> [Problem to solve]:
Nothing outside the stretch is wanted. Repeat exactly the lines of the listing below from the one that contains "Design badkamer kraan" through the one that contains "Barra de sonido", both ends included.

** Opening Dataset content block **

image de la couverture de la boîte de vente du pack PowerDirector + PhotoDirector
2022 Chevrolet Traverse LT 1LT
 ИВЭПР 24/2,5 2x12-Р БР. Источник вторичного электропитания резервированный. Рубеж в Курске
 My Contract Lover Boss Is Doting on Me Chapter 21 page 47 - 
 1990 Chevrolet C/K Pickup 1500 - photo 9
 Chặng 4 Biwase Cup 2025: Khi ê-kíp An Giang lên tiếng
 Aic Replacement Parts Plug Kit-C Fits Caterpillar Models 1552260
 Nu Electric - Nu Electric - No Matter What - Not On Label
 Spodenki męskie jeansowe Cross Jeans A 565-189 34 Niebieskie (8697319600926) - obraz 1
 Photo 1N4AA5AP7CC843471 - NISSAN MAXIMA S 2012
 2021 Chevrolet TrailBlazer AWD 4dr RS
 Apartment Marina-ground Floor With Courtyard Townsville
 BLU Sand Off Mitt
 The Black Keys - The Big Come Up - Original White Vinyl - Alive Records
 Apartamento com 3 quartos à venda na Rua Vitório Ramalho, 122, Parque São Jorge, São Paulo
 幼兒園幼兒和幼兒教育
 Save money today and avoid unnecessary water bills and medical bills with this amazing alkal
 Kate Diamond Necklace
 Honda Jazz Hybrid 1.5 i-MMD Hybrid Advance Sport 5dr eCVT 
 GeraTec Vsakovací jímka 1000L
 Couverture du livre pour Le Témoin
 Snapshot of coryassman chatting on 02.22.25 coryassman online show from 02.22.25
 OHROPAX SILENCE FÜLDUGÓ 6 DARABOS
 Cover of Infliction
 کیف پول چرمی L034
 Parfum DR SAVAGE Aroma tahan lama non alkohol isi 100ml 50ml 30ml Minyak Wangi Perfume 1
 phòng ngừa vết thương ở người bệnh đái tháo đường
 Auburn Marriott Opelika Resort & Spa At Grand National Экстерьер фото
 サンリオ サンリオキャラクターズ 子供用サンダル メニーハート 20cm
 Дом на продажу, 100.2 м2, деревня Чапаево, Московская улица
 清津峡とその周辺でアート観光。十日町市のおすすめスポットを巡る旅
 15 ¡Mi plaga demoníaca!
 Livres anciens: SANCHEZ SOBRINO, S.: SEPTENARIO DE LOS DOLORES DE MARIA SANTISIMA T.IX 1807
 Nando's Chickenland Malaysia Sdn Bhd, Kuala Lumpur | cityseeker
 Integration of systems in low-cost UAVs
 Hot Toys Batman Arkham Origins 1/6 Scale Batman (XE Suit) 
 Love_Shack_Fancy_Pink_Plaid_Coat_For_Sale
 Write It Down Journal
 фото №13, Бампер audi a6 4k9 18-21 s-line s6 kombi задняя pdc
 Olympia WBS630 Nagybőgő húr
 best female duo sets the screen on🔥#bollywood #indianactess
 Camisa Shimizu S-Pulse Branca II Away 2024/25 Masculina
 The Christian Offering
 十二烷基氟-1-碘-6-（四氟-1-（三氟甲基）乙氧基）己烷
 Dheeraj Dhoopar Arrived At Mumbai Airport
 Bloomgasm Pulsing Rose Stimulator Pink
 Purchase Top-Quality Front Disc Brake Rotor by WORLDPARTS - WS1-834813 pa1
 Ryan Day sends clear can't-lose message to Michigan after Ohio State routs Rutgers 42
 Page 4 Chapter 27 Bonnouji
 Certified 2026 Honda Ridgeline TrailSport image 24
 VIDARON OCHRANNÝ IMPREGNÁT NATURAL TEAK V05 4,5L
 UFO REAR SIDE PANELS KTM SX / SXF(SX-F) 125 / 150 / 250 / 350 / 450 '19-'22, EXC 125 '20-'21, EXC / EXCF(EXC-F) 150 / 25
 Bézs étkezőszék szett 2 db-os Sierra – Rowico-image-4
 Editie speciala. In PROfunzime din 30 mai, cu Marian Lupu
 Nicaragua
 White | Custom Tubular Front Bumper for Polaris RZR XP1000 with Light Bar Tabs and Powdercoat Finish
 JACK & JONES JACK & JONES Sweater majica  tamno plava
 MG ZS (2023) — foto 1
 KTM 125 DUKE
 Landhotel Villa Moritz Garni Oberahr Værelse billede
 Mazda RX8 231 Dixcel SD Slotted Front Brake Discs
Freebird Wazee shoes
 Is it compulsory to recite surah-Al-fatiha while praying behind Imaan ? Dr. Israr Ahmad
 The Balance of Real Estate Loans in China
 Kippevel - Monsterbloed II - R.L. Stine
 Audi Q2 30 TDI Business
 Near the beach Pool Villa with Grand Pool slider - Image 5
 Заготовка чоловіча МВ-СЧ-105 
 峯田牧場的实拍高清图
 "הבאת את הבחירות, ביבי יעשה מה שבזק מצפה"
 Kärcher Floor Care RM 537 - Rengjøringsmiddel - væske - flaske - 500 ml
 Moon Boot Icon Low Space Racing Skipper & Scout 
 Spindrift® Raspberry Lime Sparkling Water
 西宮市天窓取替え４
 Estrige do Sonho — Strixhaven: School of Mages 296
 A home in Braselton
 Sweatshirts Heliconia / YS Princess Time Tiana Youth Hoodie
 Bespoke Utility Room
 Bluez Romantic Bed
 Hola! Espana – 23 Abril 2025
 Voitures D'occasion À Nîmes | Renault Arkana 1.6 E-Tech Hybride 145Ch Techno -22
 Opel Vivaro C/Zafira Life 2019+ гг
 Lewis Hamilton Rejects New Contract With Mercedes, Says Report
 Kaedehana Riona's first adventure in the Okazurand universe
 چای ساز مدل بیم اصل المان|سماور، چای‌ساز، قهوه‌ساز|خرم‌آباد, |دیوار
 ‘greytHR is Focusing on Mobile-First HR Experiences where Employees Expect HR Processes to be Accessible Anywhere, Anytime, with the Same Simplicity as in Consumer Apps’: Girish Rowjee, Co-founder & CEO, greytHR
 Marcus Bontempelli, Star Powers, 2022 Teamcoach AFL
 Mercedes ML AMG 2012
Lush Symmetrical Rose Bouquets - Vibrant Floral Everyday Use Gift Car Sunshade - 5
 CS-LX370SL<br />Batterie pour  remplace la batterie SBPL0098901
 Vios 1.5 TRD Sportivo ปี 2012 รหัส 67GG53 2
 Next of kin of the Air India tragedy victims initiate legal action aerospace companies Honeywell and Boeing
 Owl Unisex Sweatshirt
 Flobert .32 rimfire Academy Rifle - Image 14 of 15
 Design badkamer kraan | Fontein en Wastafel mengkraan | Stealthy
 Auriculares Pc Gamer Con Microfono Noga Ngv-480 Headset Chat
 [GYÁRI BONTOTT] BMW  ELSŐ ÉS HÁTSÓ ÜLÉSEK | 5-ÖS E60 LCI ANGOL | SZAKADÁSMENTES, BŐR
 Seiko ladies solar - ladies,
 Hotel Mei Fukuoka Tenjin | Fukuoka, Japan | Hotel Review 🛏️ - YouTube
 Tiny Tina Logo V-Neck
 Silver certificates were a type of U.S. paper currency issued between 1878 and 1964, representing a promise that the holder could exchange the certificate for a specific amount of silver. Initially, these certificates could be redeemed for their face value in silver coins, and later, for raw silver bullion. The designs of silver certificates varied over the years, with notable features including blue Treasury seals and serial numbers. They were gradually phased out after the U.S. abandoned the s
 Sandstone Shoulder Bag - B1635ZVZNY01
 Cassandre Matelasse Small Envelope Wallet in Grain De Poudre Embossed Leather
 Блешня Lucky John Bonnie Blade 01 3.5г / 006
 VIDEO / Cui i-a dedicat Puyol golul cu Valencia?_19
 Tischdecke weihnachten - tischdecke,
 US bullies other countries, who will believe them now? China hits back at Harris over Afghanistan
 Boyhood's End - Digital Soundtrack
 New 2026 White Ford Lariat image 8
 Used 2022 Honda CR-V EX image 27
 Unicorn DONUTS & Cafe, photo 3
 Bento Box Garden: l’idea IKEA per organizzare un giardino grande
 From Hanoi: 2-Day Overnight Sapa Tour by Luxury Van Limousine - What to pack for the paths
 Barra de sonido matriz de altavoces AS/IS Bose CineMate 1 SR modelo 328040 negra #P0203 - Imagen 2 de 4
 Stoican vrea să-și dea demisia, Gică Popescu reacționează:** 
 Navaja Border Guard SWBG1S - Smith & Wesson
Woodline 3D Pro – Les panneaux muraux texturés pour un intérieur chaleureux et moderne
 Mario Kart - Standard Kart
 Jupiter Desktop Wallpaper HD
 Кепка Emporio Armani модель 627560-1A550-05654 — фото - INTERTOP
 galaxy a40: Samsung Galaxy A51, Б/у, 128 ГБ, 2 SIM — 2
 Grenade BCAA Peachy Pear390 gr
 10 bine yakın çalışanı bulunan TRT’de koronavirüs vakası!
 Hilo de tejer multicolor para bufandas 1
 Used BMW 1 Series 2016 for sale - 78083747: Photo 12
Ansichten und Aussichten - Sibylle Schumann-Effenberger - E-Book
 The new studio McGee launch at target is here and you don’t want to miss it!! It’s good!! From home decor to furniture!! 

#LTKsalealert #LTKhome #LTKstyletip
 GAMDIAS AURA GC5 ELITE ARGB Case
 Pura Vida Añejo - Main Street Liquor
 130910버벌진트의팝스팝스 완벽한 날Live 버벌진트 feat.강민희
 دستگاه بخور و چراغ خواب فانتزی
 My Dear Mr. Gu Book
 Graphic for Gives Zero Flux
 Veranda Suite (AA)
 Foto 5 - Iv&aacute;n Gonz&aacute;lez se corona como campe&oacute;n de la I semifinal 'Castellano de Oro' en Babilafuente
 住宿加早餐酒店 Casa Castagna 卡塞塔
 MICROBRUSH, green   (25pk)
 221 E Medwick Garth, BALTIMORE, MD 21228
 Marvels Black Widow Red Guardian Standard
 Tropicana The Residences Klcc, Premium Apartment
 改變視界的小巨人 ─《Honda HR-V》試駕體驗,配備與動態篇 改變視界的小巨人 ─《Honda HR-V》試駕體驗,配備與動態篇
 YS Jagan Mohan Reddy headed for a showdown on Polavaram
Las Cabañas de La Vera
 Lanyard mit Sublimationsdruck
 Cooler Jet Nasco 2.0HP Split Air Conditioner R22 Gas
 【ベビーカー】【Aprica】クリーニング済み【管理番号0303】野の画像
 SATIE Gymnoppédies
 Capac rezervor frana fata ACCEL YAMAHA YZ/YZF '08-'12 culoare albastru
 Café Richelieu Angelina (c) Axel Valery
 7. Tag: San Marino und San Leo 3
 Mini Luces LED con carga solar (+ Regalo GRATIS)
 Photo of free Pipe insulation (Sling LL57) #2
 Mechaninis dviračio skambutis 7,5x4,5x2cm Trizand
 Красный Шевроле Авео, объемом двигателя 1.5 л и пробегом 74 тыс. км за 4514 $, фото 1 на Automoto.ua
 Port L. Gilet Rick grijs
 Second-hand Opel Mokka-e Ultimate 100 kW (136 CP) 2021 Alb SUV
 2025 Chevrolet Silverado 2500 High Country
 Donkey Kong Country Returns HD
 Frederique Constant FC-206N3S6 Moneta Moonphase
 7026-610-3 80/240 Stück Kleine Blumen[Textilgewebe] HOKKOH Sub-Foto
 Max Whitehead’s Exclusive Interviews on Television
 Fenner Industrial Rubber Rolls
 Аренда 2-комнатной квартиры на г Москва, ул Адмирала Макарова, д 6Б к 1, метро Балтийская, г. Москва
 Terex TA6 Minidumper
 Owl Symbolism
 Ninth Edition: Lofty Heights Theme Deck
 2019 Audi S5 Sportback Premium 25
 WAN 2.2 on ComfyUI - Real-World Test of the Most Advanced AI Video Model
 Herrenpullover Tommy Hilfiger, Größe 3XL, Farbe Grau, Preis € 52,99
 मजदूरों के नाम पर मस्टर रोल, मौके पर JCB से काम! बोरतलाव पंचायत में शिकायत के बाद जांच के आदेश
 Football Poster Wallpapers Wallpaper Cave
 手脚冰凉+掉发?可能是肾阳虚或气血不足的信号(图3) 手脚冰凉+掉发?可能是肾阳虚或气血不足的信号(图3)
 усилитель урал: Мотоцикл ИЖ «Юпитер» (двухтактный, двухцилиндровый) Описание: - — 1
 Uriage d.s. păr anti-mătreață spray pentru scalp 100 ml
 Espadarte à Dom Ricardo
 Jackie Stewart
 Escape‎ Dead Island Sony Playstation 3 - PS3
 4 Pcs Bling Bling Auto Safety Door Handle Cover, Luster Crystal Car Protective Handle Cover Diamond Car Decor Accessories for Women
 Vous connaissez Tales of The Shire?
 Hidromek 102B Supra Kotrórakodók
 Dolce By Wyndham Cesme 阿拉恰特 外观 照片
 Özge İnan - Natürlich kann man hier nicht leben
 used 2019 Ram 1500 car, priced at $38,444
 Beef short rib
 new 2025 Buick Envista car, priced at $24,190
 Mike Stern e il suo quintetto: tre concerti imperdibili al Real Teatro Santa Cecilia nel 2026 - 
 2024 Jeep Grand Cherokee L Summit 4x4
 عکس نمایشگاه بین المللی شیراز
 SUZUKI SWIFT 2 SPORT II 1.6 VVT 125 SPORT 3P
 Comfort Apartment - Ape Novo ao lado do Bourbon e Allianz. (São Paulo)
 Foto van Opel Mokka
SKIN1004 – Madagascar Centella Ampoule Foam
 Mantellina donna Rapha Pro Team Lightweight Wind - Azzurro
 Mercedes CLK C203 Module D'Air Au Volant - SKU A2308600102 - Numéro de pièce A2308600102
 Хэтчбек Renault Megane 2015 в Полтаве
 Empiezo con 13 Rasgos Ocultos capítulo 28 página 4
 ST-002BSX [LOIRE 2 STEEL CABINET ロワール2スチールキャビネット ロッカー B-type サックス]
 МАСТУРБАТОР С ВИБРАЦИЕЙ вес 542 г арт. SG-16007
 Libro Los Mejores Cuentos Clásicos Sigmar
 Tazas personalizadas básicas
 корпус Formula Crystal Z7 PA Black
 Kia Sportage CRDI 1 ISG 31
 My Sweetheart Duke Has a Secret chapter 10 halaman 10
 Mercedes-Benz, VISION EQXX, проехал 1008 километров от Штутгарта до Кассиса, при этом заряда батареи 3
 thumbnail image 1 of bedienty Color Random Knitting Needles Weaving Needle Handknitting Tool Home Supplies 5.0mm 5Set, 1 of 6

** Closing Dataset content block **

> [Output for this task]:
 Design badkamer kraan | Fontein en Wastafel mengkraan | Stealthy
 Auriculares Pc Gamer Con Microfono Noga Ngv-480 Headset Chat
 [GYÁRI BONTOTT] BMW  ELSŐ ÉS HÁTSÓ ÜLÉSEK | 5-ÖS E60 LCI ANGOL | SZAKADÁSMENTES, BŐR
 Seiko ladies solar - ladies,
 Hotel Mei Fukuoka Tenjin | Fukuoka, Japan | Hotel Review 🛏️ - YouTube
 Tiny Tina Logo V-Neck
 Silver certificates were a type of U.S. paper currency issued between 1878 and 1964, representing a promise that the holder could exchange the certificate for a specific amount of silver. Initially, these certificates could be redeemed for their face value in silver coins, and later, for raw silver bullion. The designs of silver certificates varied over the years, with notable features including blue Treasury seals and serial numbers. They were gradually phased out after the U.S. abandoned the s
 Sandstone Shoulder Bag - B1635ZVZNY01
 Cassandre Matelasse Small Envelope Wallet in Grain De Poudre Embossed Leather
 Блешня Lucky John Bonnie Blade 01 3.5г / 006
 VIDEO / Cui i-a dedicat Puyol golul cu Valencia?_19
 Tischdecke weihnachten - tischdecke,
 US bullies other countries, who will believe them now? China hits back at Harris over Afghanistan
 Boyhood's End - Digital Soundtrack
 New 2026 White Ford Lariat image 8
 Used 2022 Honda CR-V EX image 27
 Unicorn DONUTS & Cafe, photo 3
 Bento Box Garden: l’idea IKEA per organizzare un giardino grande
 From Hanoi: 2-Day Overnight Sapa Tour by Luxury Van Limousine - What to pack for the paths
 Barra de sonido matriz de altavoces AS/IS Bose CineMate 1 SR modelo 328040 negra #P0203 - Imagen 2 de 4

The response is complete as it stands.